Pedraza’s team delivers and excuted the perfect game plan
Pedraza switched to a southpaw stand in the second round and it caused Beltran problems. Beltran needed to move in to take away the right hand of Pedraza, but he had trouble finding his rhythm with it.
Meanwhile, Pedraza worked effectively with a lead right jab Beltran couldn’t avoid. Beltran suffered a cut over the left eye in the round from a lead right hook around the guard by Pedraza, Beltran’s sixth cut in the last seven fights. Not a big surprise for someone who’s been in as many wars as Beltran.
Pedraza caught Beltran near the end of the third round with a solid left hook as Beltran was moving backward, catching him off balance. Beltran was lucky there were just seconds left in the round.
Beltran finally found a home for his right hand as he began closing the distance more successfully and fighting more on the inside in the middle rounds. It seemed Pedraza might tire. But in a fight like this one it comes down to the man who wants it more, and that was Pedraza.
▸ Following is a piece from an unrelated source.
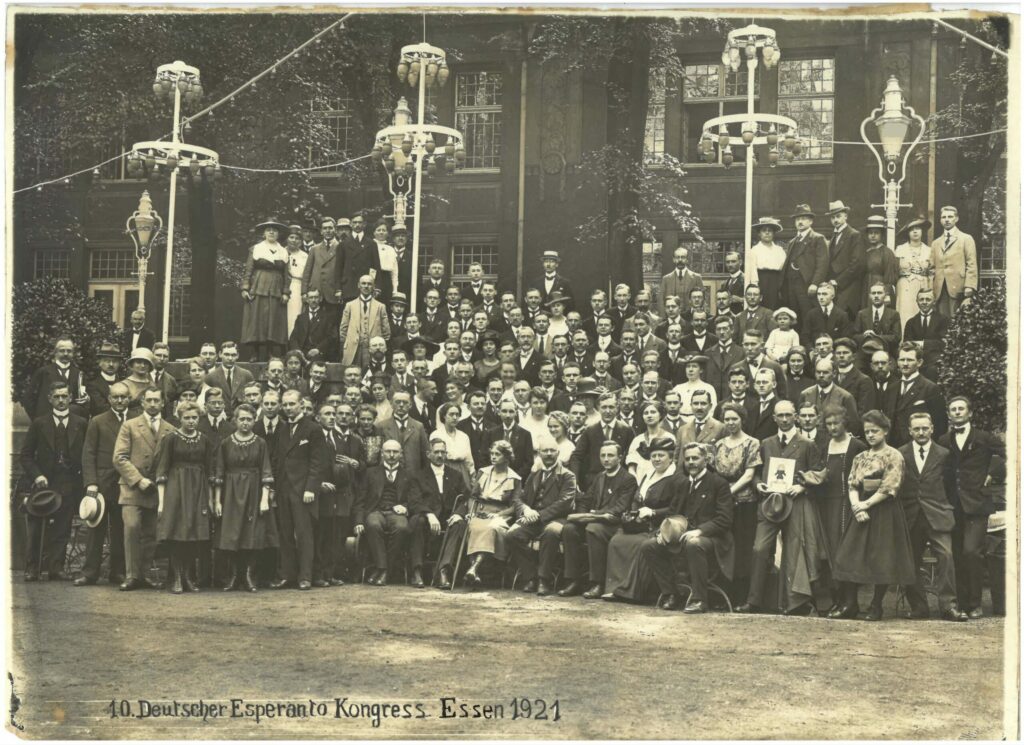 Gruppenfoto_10er_Deutscher_Esperanto_Kongress_Essen_1921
Beltran’s corner urged him to start pressing the action in the second half of the fight. He did his best, but Pedraza kept catching him coming in. In the 11th round, Pedraza landed a left upper cut as Beltran was leaning in. It couldn’t have been better timing for Pedraza in what had been a close fight to that point. Beltran made it through the final minute and out of the round, but it seemed his fate was sealed, especially when Pedraza unloaded everything he had left in the final round. Referee Tony Weeks could have stopped the fight in the closing seconds, but he allowed the veteran Beltran to finish on his feet.
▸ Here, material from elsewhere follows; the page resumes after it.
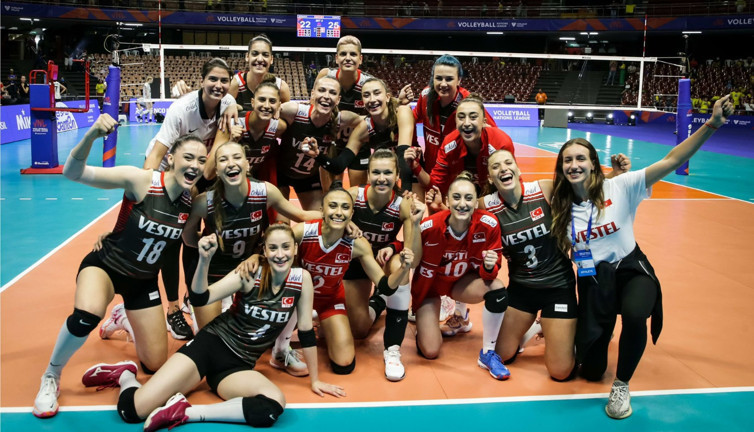 Filenin Sultanları Almanya'ya set vermeden kazandı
“We followed the game plan. I knew how tough Ray Beltran was going to be,” said Pedraza. “I followed the game plan, I didn’t deviate, and we were successful.” He thanked Beltran for the opportunity, calling him a great warrior. CompuBox numbers reflect Pedraza’s success. He landed 160 total punches to Beltran’s 137, with 62 of those punches being jabs, compared to just 16 jabs for Beltran.
Vasyl Lomachenko ahead for Pedraza?
A dejected Beltran gave Pedroza due credit after the bout. “Pedroza fought a good fight. Because of the knockdown, I give him the decision. He did a good job.” Beltran thanked his hometown fans for their support, apologizing for the loss. He declined to say anything about his future.
Pedraza’s future seems clear. “It’s no secret and I can speak about it,” he said. “First I had to take care of this challenge in front of me. I accomplished my mission tonight, and now I want all the great champions. Be it (Vasyl) Lomachenko, be it (Mikey) Garcia.”
The makeable fight is with Lomachenko, a payday Beltran hoped to get to close out his career. Lomachenko has a scheduled fight date on December 1 at The Forum in Los Angeles and this unification fight is a natural fit with both men represented by Top Rank Boxing. It’s a difficult challenge for Pedraza, but he seems willing to step up and take it on.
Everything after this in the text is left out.